# Exercise data
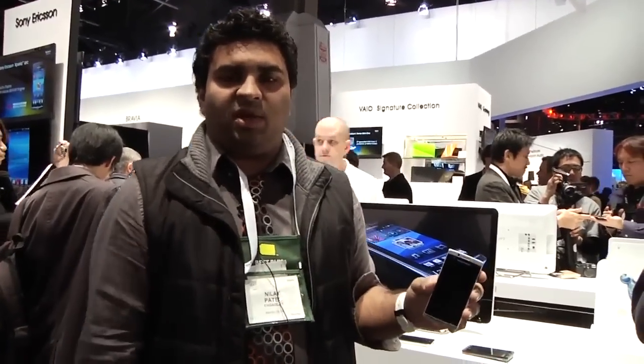And obviously the other question we have is, please God, where is the PlayStation phone? Hopefully we'll find out more about that somewhere at the show. We'll corral somebody and demand that they tell us. But for now, here's the Sony Ericsson Xperia Arc. It's pretty beautiful. And we're at Sony CES 2011.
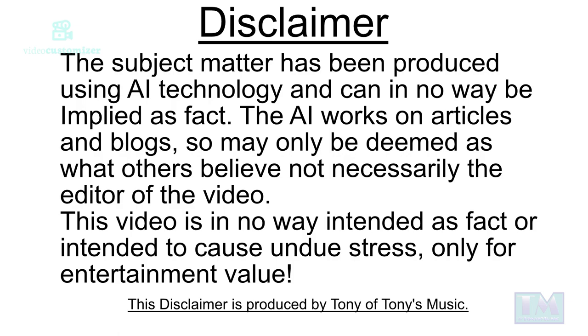Disclaimer: The subject matter has been produced using AI technology and can in no way be employed as fact. The AI works on articles and blogs, so it may only be deemed as what others believe, not necessarily the editor of this video. This video is in no way intended as fact or intended to cause undue stress, only for entertainment value. This disclaimer is produced by Tony of Tony's Music. Thank you.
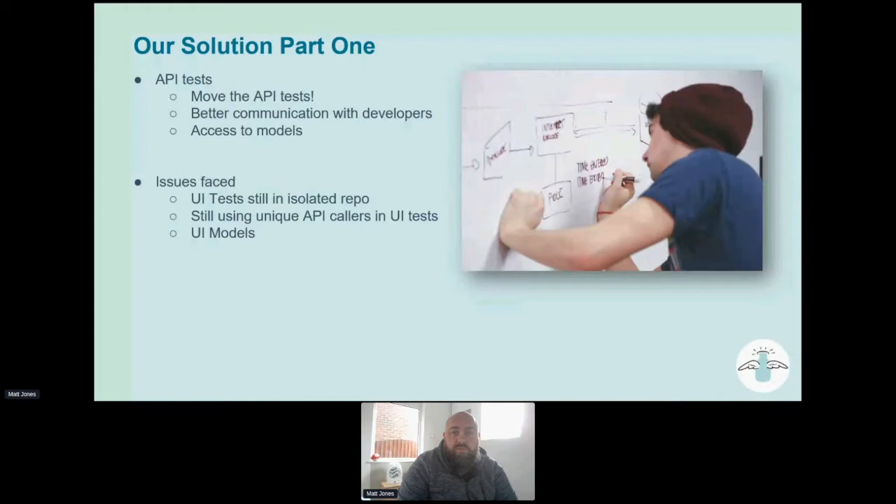So we moved on to a second solution: creating a utility framework. We used SpecFlow as part of our automated tests, both for API and UI. This utility framework would allow us to have all the setup for the UI tests and API tests, store SQL queries used for pulling data from the database, and include API caller interfaces with a dependency on the shared view models within the microservices repo. This meant API tests can be written alongside development, which was a massive perk.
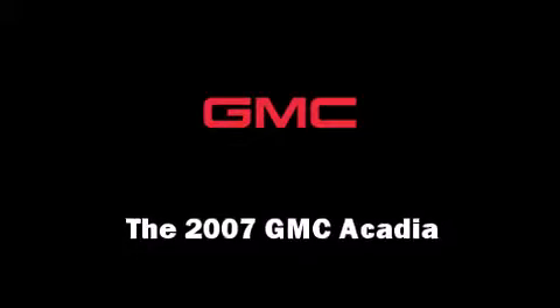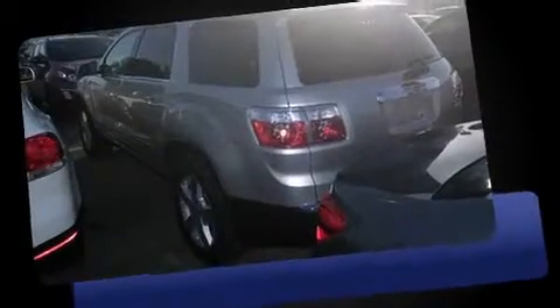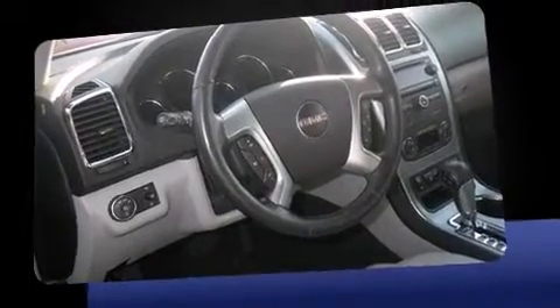Take command of the road in the 2007 GMC Acadia. Under the hood you'll find a six-cylinder engine with more than 270 horsepower, and for added security, dynamic stability control supplements the drivetrain.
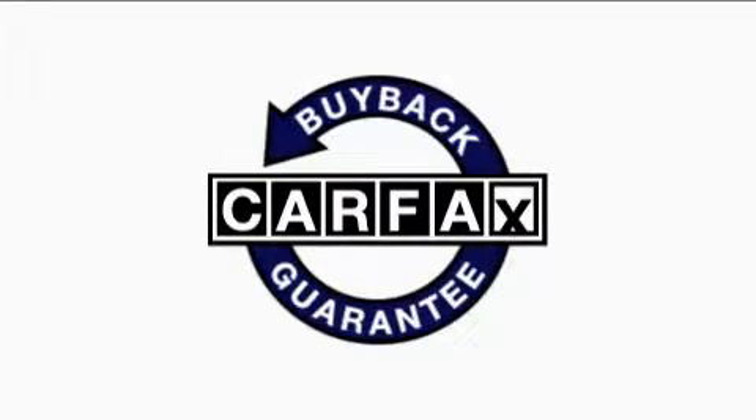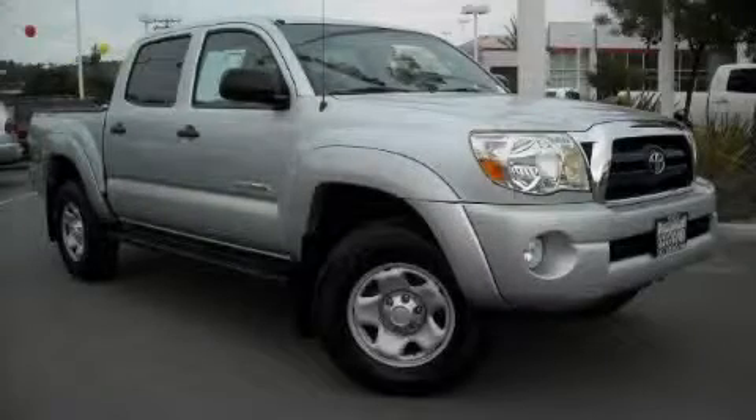Not to mention that this Toyota qualifies for the Carfax Buy Back Guarantee. This truck won't last long at this price. Call and arrange a test drive now.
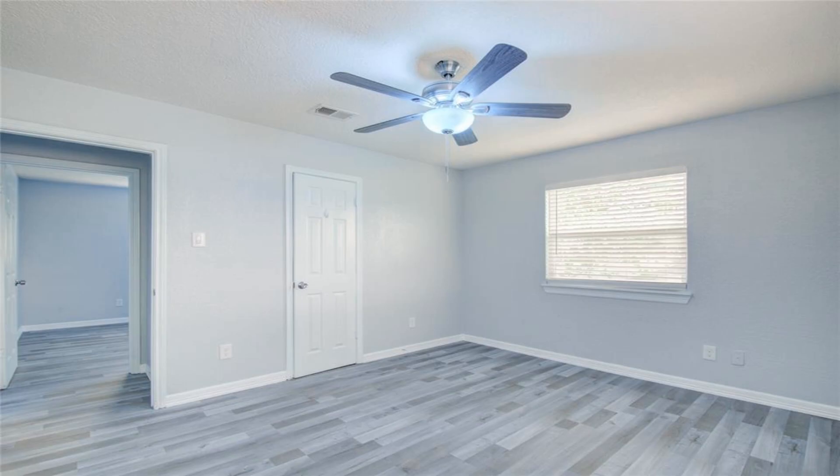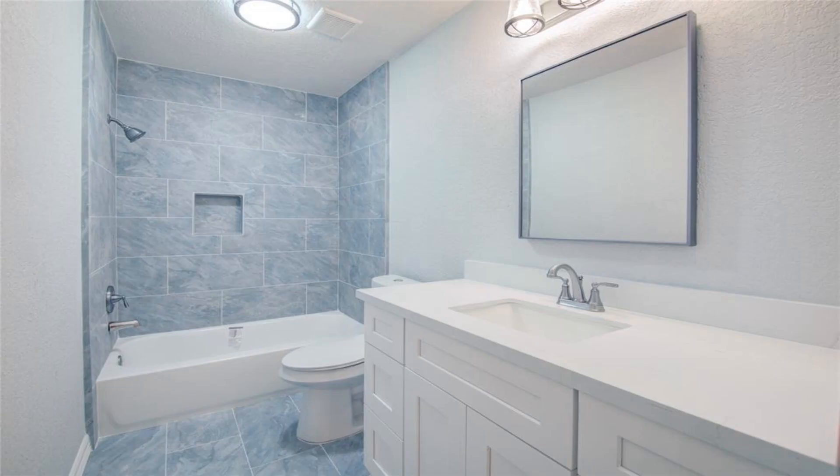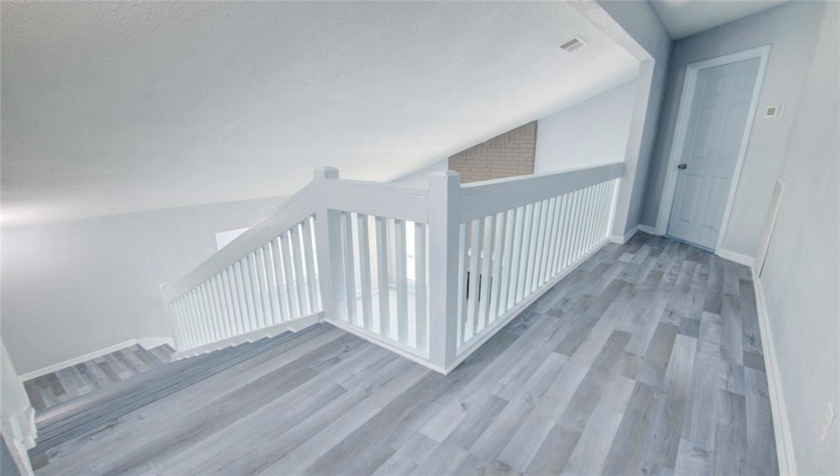The kitchen looks inviting with its new white cabinets and beautiful white countertops surrounded by an eye-catching backsplash.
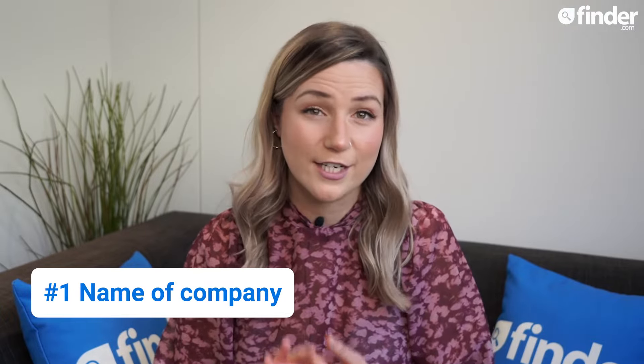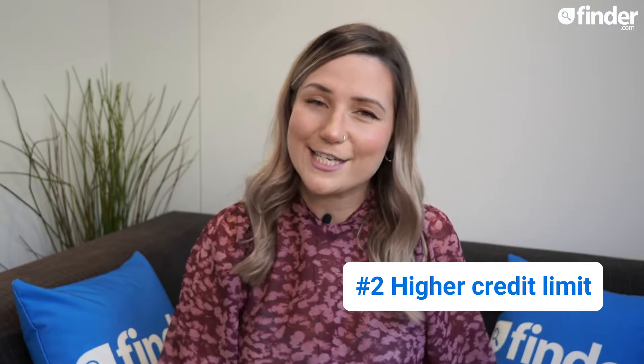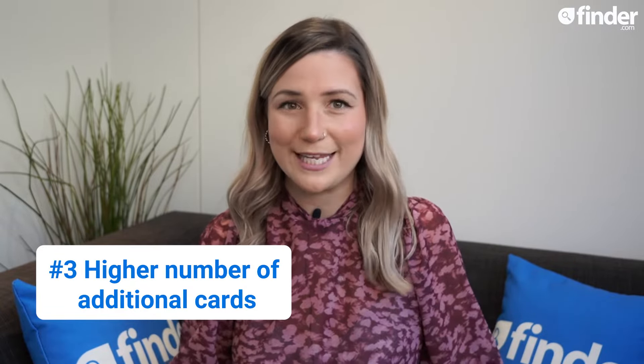The four main differences between a business credit card and a regular credit card include: a business credit card will be taken out in the name of the company rather than an individual; your business credit limit is likely to be higher as this is based on your company's revenue rather than an individual's income; you'll be entitled to a higher number of additional cards as multiple employees may need access; and most business credit card accounts come with an annual fee. There are other points of difference too, like eligibility criteria, customisable spending limits for different users, and expense tracking tools.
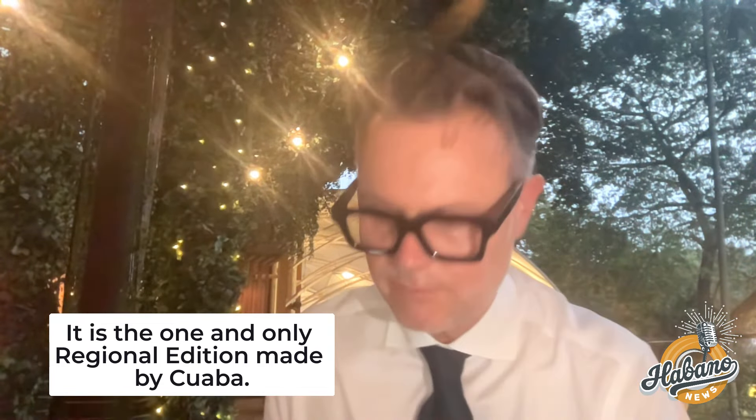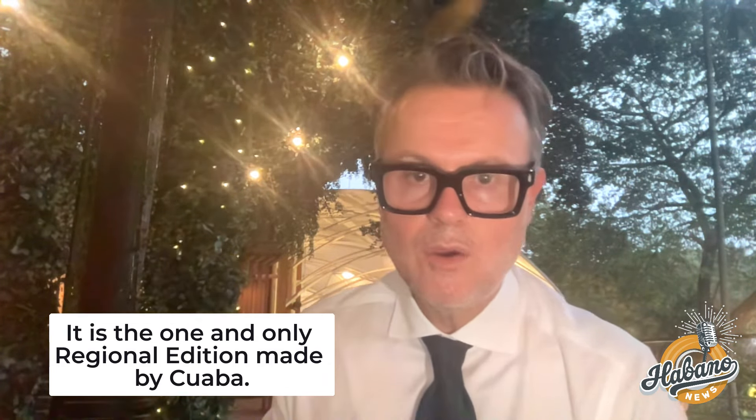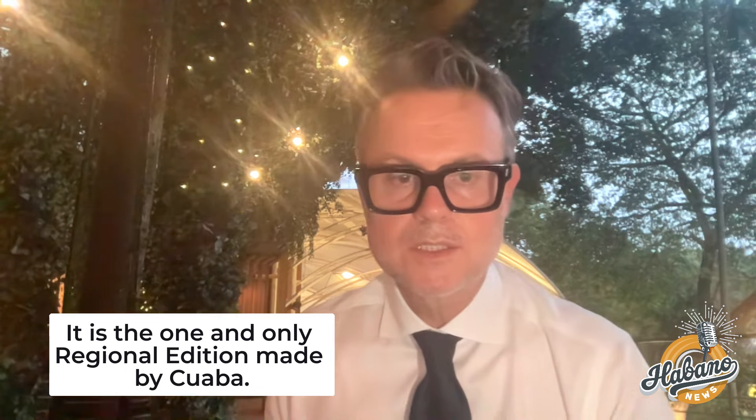There were some delays because of COVID. So let me open this box for you.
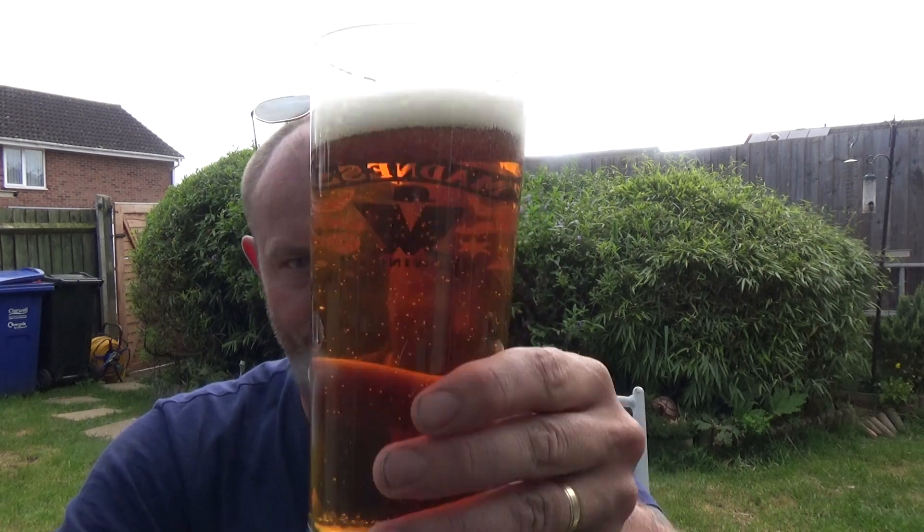It smells beautiful. Malty, bready. A little bit of toffee. Cheers.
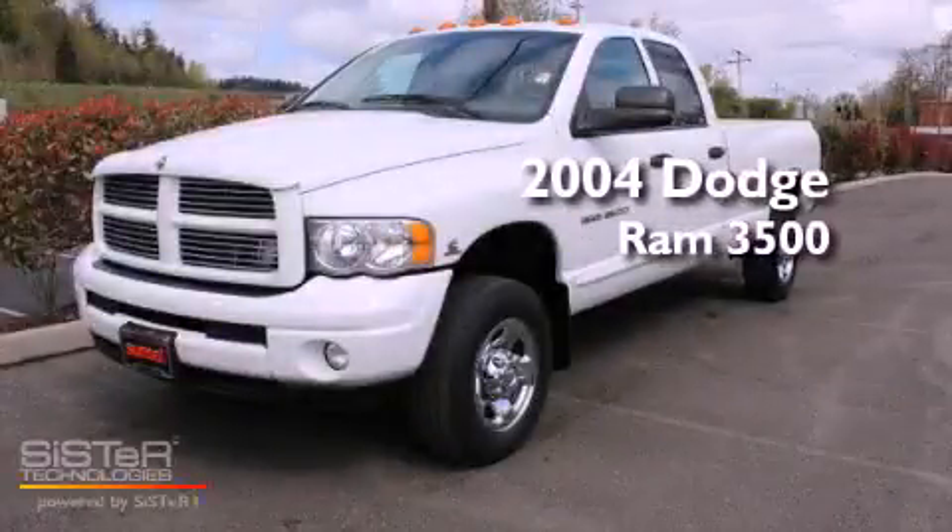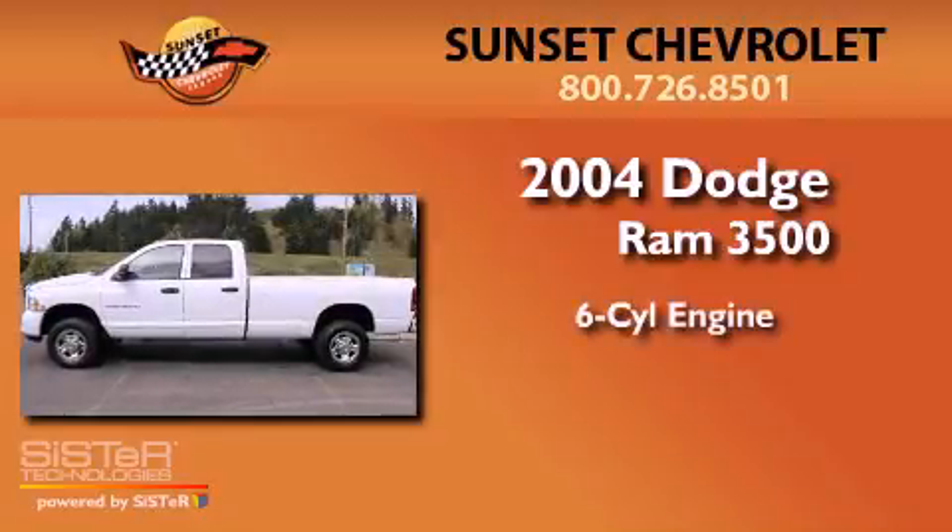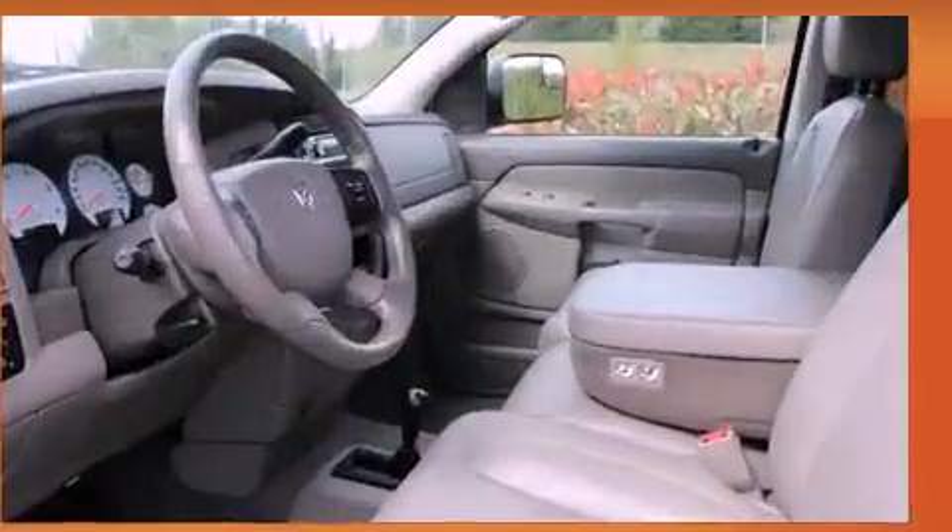This is a 2004 Dodge Ram 3500. It has a six-cylinder engine, an automatic transmission, and four-wheel drive.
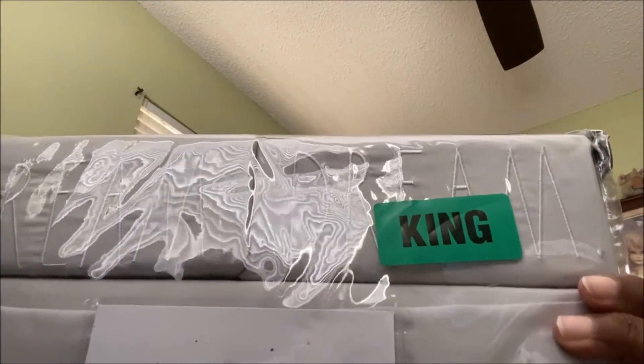I also got this king size Rae Dunn sheet set, and it says 'Dream' on it. It's a dark gray — I don't know if you can see it, I don't know what the light is doing. It was a pretty good price: $24.99 for a king size set of sheets, which is pretty decent. It comes with two pillowcases, a fitted sheet, and a flat sheet, up to a 17-inch deep mattress. So I got that — that's for a king size bed.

# Requirement
Every record should come back exactly as it is, though none of the pictures should.

# Reply to the task
And obviously the other question we have is, please God, where is the PlayStation phone? Hopefully we'll find out more about that somewhere at the show. We'll corral somebody and demand that they tell us. But for now, here's the Sony Ericsson Xperia Arc. It's pretty beautiful. And we're at Sony CES 2011.
Disclaimer: The subject matter has been produced using AI technology and can in no way be employed as fact. The AI works on articles and blogs, so it may only be deemed as what others believe, not necessarily the editor of this video. This video is in no way intended as fact or intended to cause undue stress, only for entertainment value. This disclaimer is produced by Tony of Tony's Music. Thank you.
So we moved on to a second solution: creating a utility framework. We used SpecFlow as part of our automated tests, both for API and UI. This utility framework would allow us to have all the setup for the UI tests and API tests, store SQL queries used for pulling data from the database, and include API caller interfaces with a dependency on the shared view models within the microservices repo. This meant API tests can be written alongside development, which was a massive perk.
Take command of the road in the 2007 GMC Acadia. Under the hood you'll find a six-cylinder engine with more than 270 horsepower, and for added security, dynamic stability control supplements the drivetrain.
Not to mention that this Toyota qualifies for the Carfax Buy Back Guarantee. This truck won't last long at this price. Call and arrange a test drive now.
The kitchen looks inviting with its new white cabinets and beautiful white countertops surrounded by an eye-catching backsplash.
The four main differences between a business credit card and a regular credit card include: a business credit card will be taken out in the name of the company rather than an individual; your business credit limit is likely to be higher as this is based on your company's revenue rather than an individual's income; you'll be entitled to a higher number of additional cards as multiple employees may need access; and most business credit card accounts come with an annual fee. There are other points of difference too, like eligibility criteria, customisable spending limits for different users, and expense tracking tools.
There were some delays because of COVID. So let me open this box for you.
It smells beautiful. Malty, bready. A little bit of toffee. Cheers.
This is a 2004 Dodge Ram 3500. It has a six-cylinder engine, an automatic transmission, and four-wheel drive.
I also got this king size Rae Dunn sheet set, and it says 'Dream' on it. It's a dark gray — I don't know if you can see it, I don't know what the light is doing. It was a pretty good price: $24.99 for a king size set of sheets, which is pretty decent. It comes with two pillowcases, a fitted sheet, and a flat sheet, up to a 17-inch deep mattress. So I got that — that's for a king size bed.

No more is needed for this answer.